§ **TASK GOAL**:
Once you find the line with "In this video, you" in the entries below, return exactly every line from it through the line with "These next two".

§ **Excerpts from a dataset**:
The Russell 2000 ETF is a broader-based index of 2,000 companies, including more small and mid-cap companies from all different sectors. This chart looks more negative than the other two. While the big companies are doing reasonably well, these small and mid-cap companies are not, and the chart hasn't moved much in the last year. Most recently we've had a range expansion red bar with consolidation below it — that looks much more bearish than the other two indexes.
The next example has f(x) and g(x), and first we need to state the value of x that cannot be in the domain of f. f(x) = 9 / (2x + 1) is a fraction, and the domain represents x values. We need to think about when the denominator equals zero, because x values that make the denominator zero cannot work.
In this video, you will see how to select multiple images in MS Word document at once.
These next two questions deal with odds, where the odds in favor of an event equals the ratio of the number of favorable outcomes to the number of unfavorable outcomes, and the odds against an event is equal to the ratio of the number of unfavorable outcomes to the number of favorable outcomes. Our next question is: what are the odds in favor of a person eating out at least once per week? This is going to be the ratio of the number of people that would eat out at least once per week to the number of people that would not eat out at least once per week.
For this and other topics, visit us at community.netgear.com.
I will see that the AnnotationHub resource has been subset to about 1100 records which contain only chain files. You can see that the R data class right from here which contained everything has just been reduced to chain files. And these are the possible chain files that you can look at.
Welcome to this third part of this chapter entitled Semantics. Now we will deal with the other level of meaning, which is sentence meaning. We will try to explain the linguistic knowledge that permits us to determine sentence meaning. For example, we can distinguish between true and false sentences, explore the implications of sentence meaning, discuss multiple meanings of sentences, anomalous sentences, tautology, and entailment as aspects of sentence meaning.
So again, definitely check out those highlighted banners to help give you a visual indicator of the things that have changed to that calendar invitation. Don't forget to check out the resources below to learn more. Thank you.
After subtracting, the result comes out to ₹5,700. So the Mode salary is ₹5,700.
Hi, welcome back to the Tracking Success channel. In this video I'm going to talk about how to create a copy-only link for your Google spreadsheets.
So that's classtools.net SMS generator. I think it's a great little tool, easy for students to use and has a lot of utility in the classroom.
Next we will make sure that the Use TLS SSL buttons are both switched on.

§ **WRITTEN RESPONSE**:
In this video, you will see how to select multiple images in MS Word document at once.
These next two questions deal with odds, where the odds in favor of an event equals the ratio of the number of favorable outcomes to the number of unfavorable outcomes, and the odds against an event is equal to the ratio of the number of unfavorable outcomes to the number of favorable outcomes. Our next question is: what are the odds in favor of a person eating out at least once per week? This is going to be the ratio of the number of people that would eat out at least once per week to the number of people that would not eat out at least once per week.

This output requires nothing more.